• WORK TO BE COMPLETED
Leaving the pictures aside, return all of the data below exactly.

• RAW DATA
_ _ _
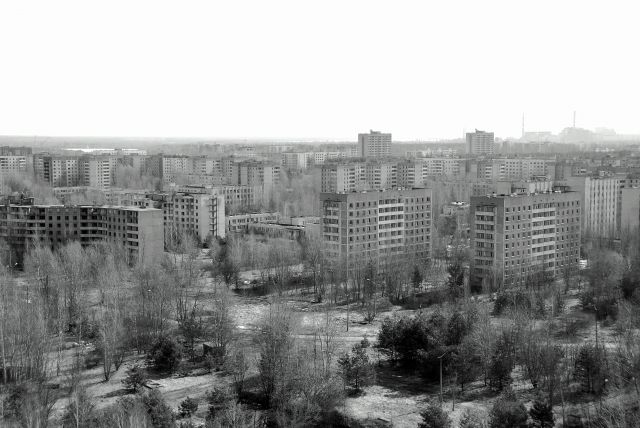 Zdjęcia: strefa zero, Blokowiska w których nikt nie zamieszka, UKRAINA Zdjęcia: strefa zero, Blokowiska w których nikt nie zamieszka, UKRAINA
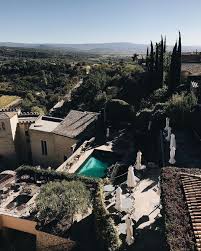 Vue Panoramique Sur Notre Village Hotel Ne Faisant Qu Un Avec Le Paysage Dans Un Environnement Naturel Sublime D Authenticite Lai In 2020 Hotel Provence City Photo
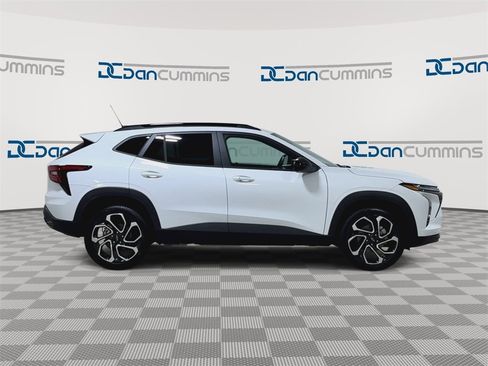 New 2026 Chevrolet Trax RS w/ Driver Confidence Package image 9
_ _ _
• RESPONSE
 Zdjęcia: strefa zero, Blokowiska w których nikt nie zamieszka, UKRAINA Zdjęcia: strefa zero, Blokowiska w których nikt nie zamieszka, UKRAINA
 Vue Panoramique Sur Notre Village Hotel Ne Faisant Qu Un Avec Le Paysage Dans Un Environnement Naturel Sublime D Authenticite Lai In 2020 Hotel Provence City Photo
 New 2026 Chevrolet Trax RS w/ Driver Confidence Package image 9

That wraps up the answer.